PROBLEM REQUIREMENTS: Starting at the line below with "Welcome to Dragon's" and stopping at the line with "Safavieh Chantel 5", please print each line exactly, those two included, and skip every picture.

Caption-style text data
#####

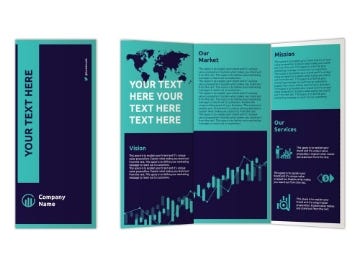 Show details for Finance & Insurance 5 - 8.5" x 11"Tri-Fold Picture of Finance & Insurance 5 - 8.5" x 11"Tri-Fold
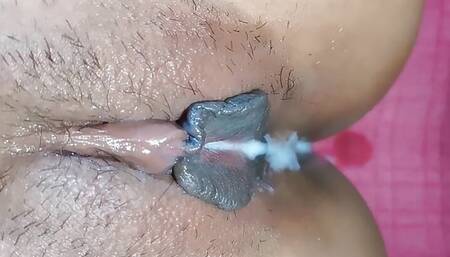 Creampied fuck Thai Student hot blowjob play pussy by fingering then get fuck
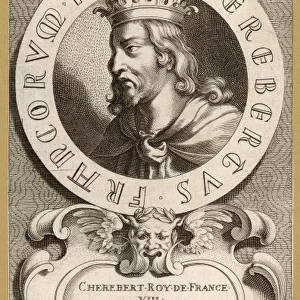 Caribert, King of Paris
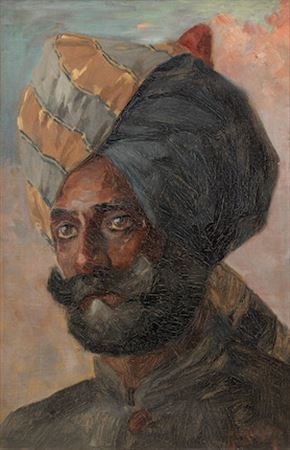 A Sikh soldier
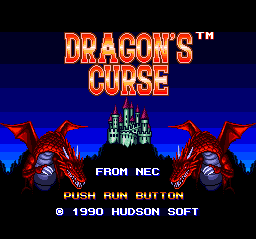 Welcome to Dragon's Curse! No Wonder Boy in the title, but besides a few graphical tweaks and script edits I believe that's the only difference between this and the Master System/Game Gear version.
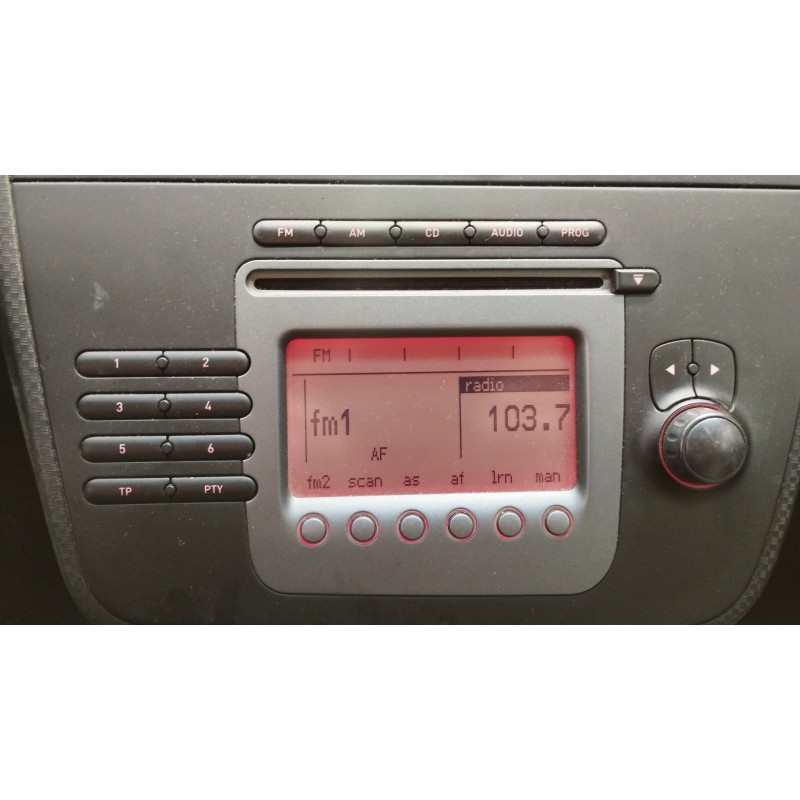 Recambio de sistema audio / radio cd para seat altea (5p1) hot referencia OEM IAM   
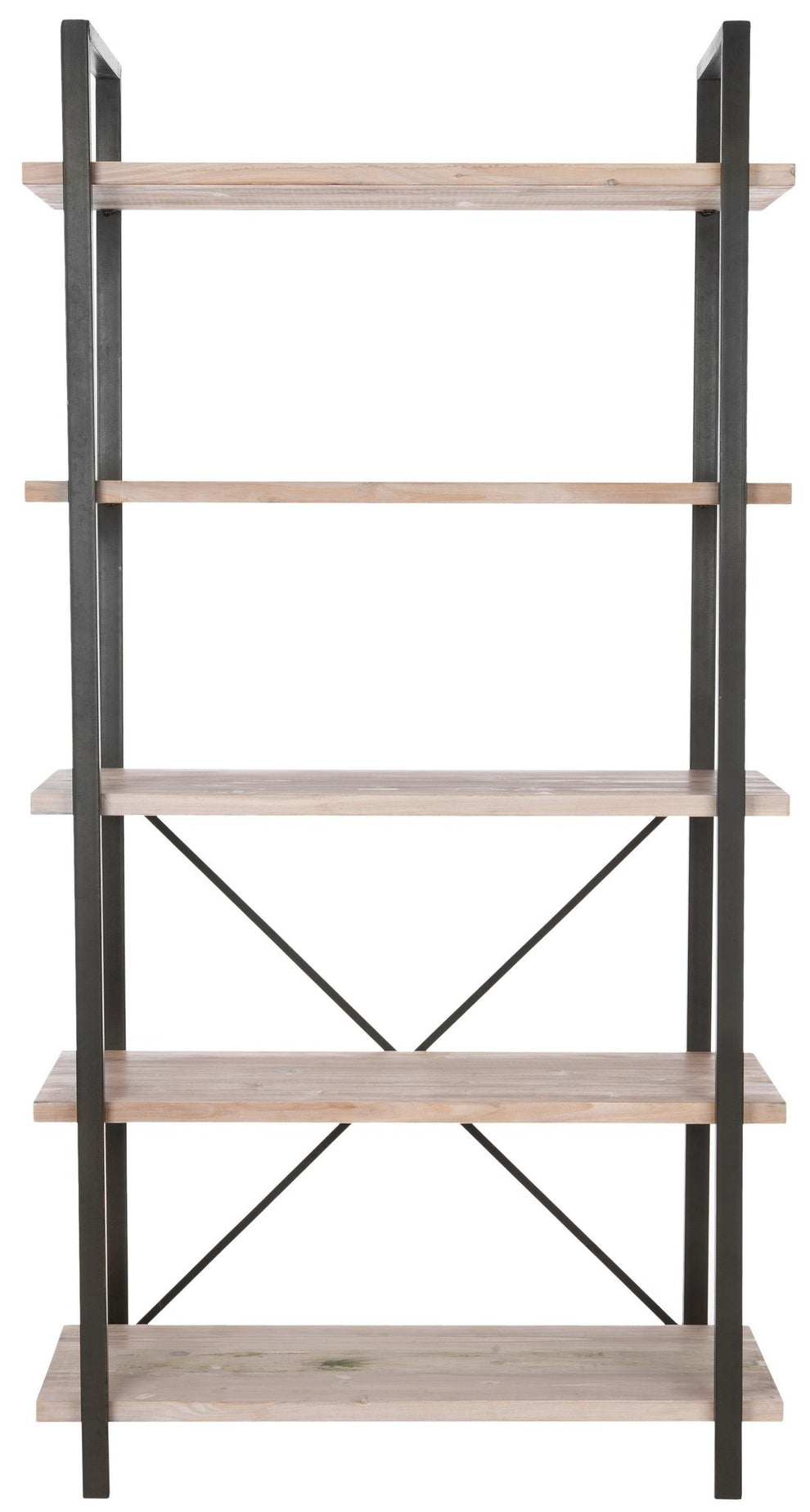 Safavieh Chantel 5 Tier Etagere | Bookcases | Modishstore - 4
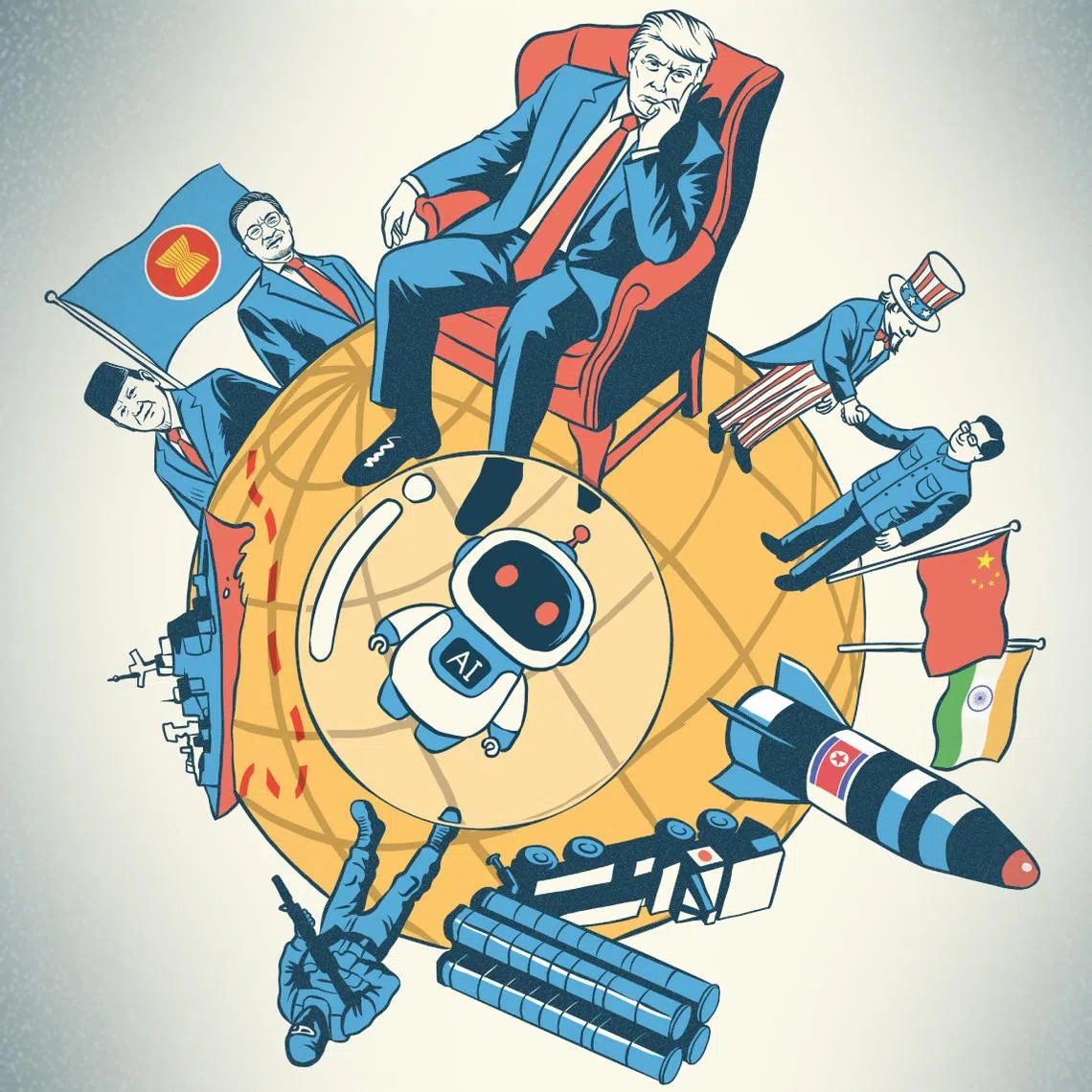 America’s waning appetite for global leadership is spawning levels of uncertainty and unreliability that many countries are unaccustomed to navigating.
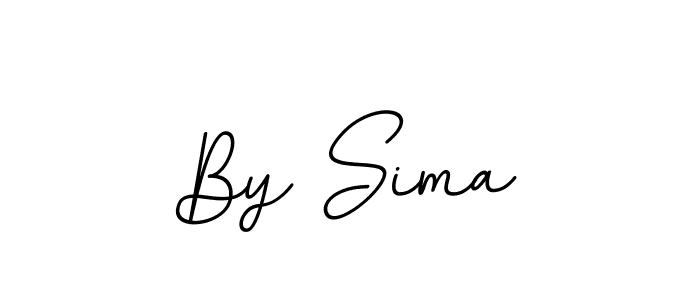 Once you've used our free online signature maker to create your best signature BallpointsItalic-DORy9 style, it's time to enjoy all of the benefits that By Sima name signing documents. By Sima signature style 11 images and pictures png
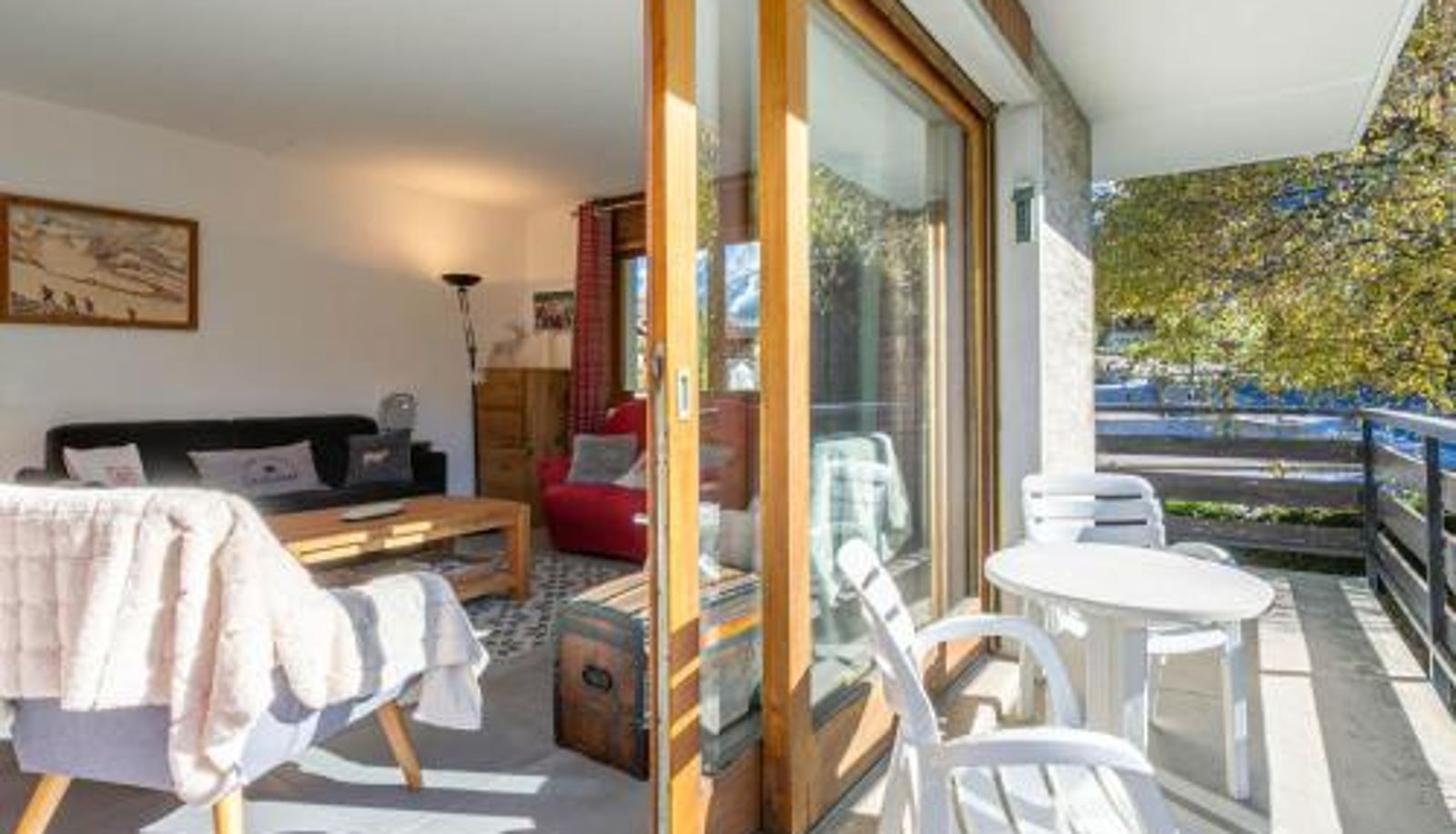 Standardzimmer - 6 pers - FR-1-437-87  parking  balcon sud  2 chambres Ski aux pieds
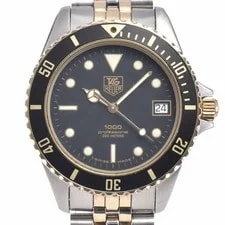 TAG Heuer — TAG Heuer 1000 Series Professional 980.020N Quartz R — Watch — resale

#####

RESPONSE BOX:
 Welcome to Dragon's Curse! No Wonder Boy in the title, but besides a few graphical tweaks and script edits I believe that's the only difference between this and the Master System/Game Gear version.
 Recambio de sistema audio / radio cd para seat altea (5p1) hot referencia OEM IAM   
 Safavieh Chantel 5 Tier Etagere | Bookcases | Modishstore - 4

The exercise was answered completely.